He aims to return to form in his first season with his new team, to be a veteran they can build around.
“Yeah, I mean I would love to,” said McCarthy, who has a 63-72 record and 4.15 ERA in 240 games (182 starts) with six major league teams over a dozen seasons, the past three with the Dodgers. “There’s a sense of respect that comes with that. If I’m performing at that level, that they feel like you have something to give them it’d be great.
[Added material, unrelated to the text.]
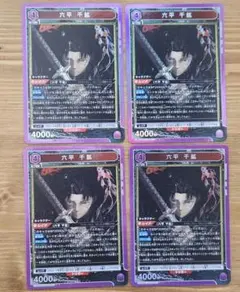 ユニオンアリーナ 斑鳩ルカ SR 4枚 - メルカリ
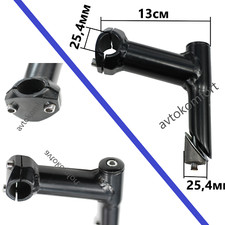 Alzata forcella manubrio bici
But it’s not something I’m demanding from the outset.
“I just want to be enough of a professional and enough of a competitor that they see that I might have something to offer them.”
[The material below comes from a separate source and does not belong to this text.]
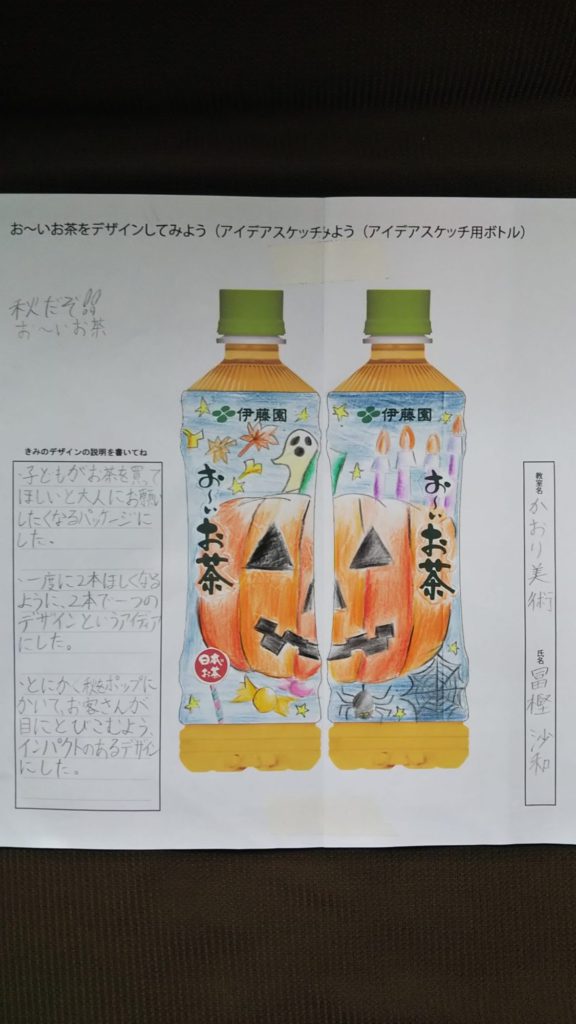 秋だぞ!! おーいお茶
It’s a different feel around the Braves, who’ve been through three seasons with at least 90 losses, than it was with the Dodgers, who’ve been baseball biggest spenders recently and operating in World Series-or-bust mode.
But McCarthy said his transition is made easier by having Anthopoulos, who was a Dodgers vice president the past two seasons, and Alex Tamin, who was hired away from the Dodgers by Anthopoulos to serve as director of major league operations. He also has a couple of his Dodgers teammates, pitcher Scott Kazmir and utility man Charlie Culberson, who came to the Braves in the same December trade that brought McCarthy.
“(Tamen) has a lot of interactions with the players, and so I’ve gotten to know him the past couple of years,” he said. “So there’s some familiarity, it’s not like where you’re coming over completely blank and nobody knows what you’ve done. There will be some sounding boards that I can go to where it’s, hey, does this look like anything like what we had before? Better, worse?
“I threw to (Braves catcher Kurt) Suzuki a couple of years in Oakland and loved him to death, so he’s got familiarity. There’s enough people here where it’s not like I’m on my island. I’ve got a little group here I can speak with.”